__Aim of the task__
Output all entries precisely and leave out the pictures.

----------------------------------------

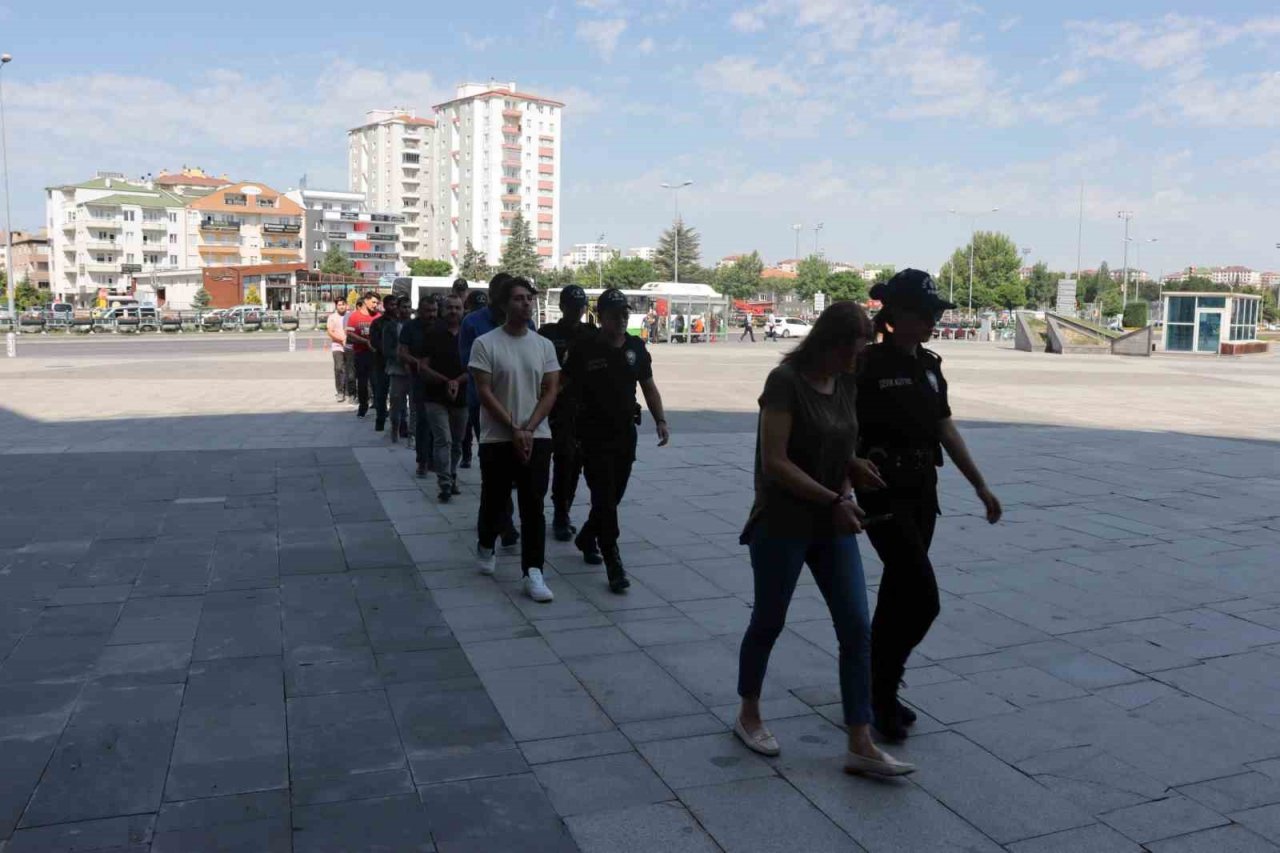’Siyah inci’ operasyonunda 18 şüpheli adliyede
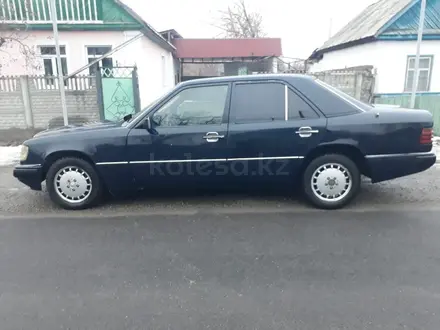 Mercedes-Benz E 230 1992 года за 1 650 000 тг. в Талдыкорган – фото 6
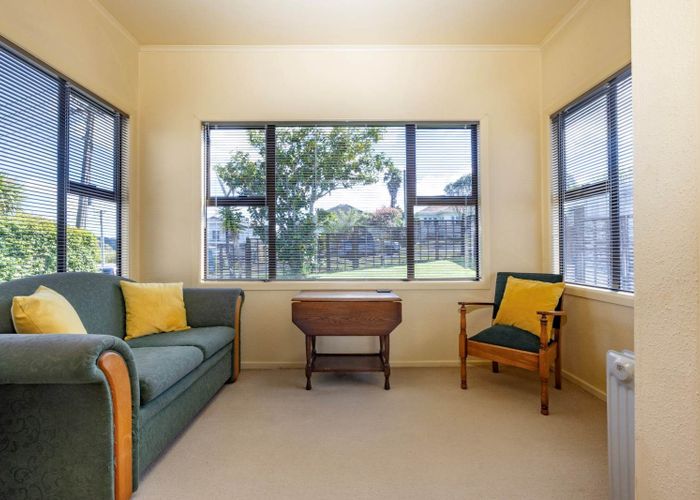  at 46 Savoy Road, Glen Eden, Waitakere City, Auckland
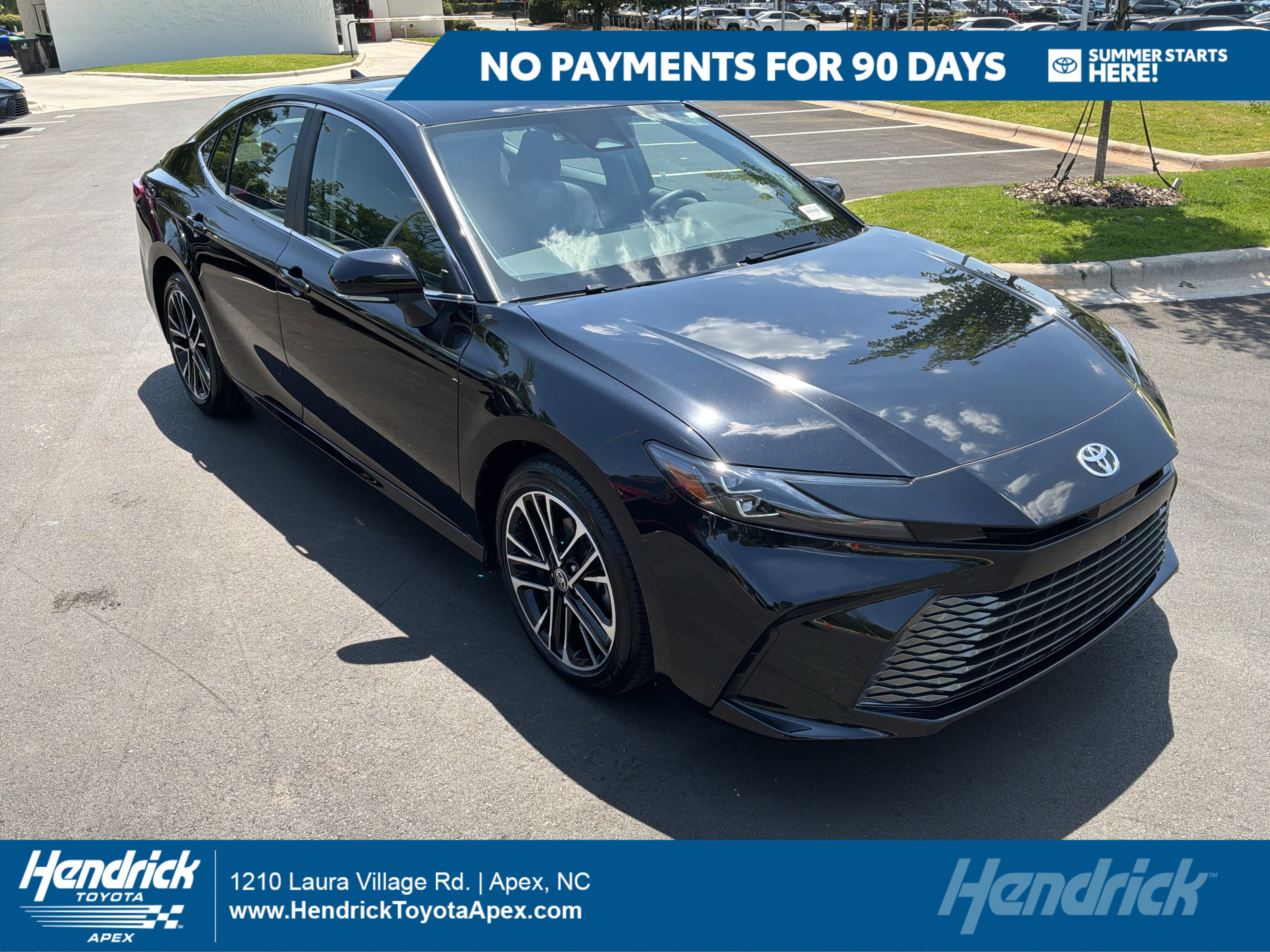 Used 2025 Toyota Camry XLE FWD image 1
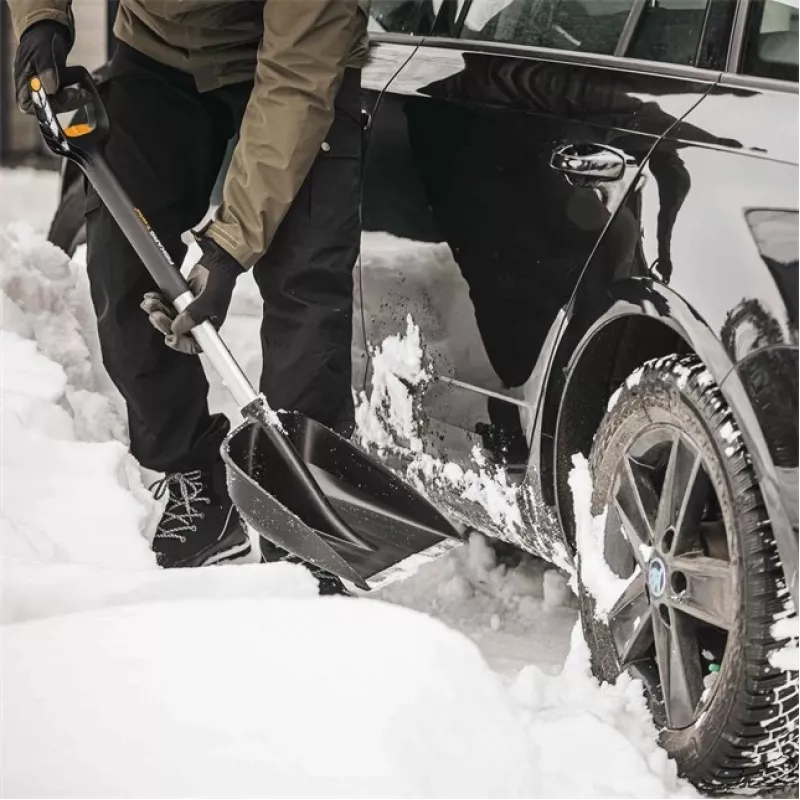 Fiskars Auto lumelabidas teleskoopvarrega X-SERIES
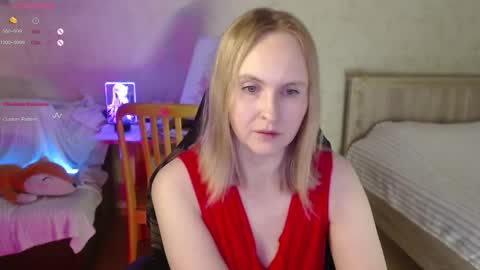 Snapshot of love_agatha chatting on 14, 11, 2025 Agatha online show from 14, 11, 2025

----------------------------------------

__Answer space__
’Siyah inci’ operasyonunda 18 şüpheli adliyede
 Mercedes-Benz E 230 1992 года за 1 650 000 тг. в Талдыкорган – фото 6
  at 46 Savoy Road, Glen Eden, Waitakere City, Auckland
 Used 2025 Toyota Camry XLE FWD image 1
 Fiskars Auto lumelabidas teleskoopvarrega X-SERIES
 Snapshot of love_agatha chatting on 14, 11, 2025 Agatha online show from 14, 11, 2025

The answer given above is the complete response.